- [What is required]
Among the lines below, the one containing "Chile 100 Pesos 1960-61 P127 UNC" opens the range and the one containing "entrance foyer featuring" closes it. Print that range exactly, without the pictures.

- [Data provided]
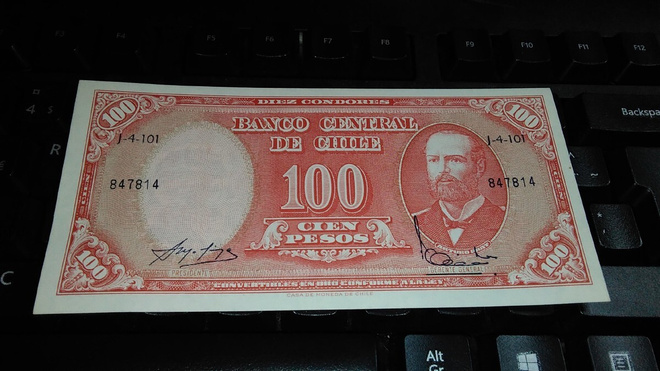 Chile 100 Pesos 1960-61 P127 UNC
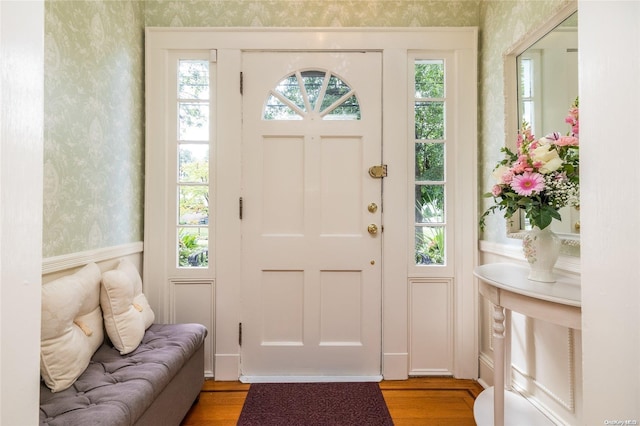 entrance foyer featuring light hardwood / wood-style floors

---

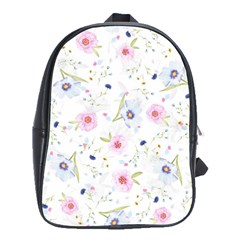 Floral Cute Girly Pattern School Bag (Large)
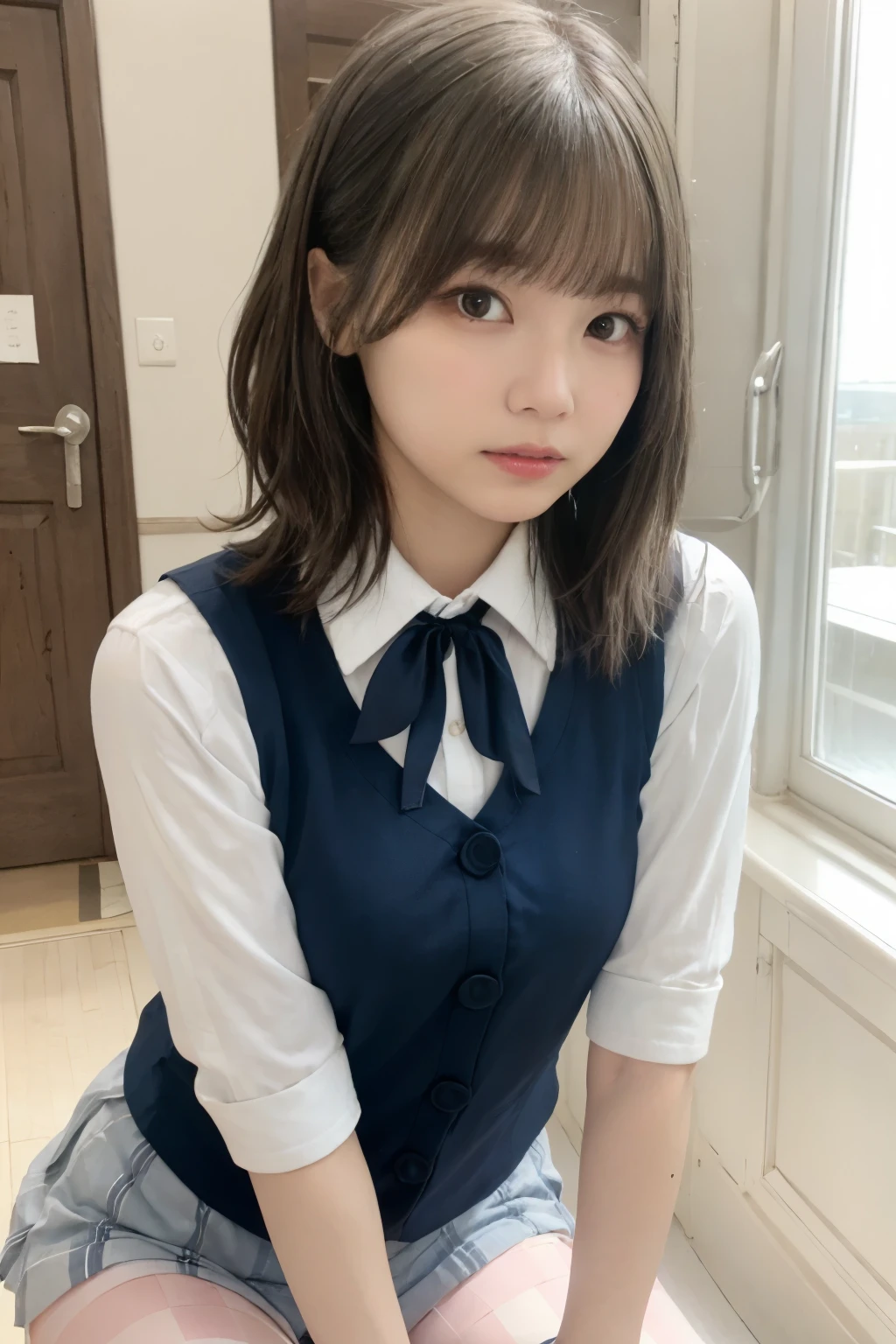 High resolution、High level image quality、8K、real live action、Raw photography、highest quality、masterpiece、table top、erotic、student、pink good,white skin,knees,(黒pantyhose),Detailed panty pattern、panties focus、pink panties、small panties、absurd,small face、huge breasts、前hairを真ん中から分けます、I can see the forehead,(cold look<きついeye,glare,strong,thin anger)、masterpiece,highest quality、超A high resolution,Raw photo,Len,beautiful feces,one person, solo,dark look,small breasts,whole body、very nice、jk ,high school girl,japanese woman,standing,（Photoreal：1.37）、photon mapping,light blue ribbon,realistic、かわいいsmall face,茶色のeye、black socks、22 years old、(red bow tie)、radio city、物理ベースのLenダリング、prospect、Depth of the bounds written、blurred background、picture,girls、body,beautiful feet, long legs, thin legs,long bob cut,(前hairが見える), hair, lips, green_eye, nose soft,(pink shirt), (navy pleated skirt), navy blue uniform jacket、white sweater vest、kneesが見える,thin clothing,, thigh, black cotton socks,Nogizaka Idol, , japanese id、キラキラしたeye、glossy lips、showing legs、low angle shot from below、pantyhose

* * *

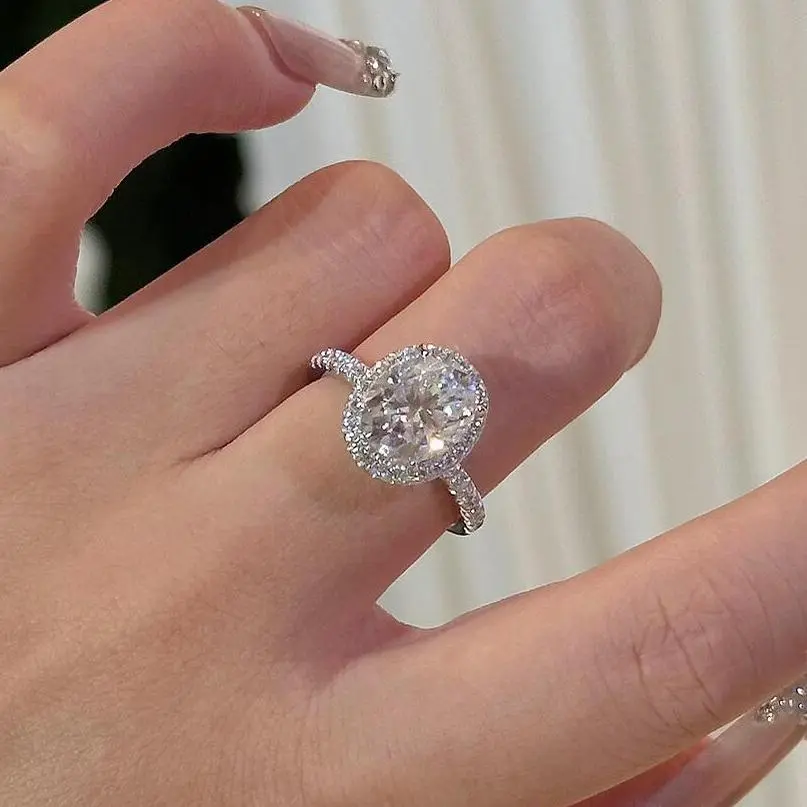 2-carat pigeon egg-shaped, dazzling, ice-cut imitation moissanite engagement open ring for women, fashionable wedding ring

- [Solution to the problem]
 Chile 100 Pesos 1960-61 P127 UNC
 entrance foyer featuring light hardwood / wood-style floors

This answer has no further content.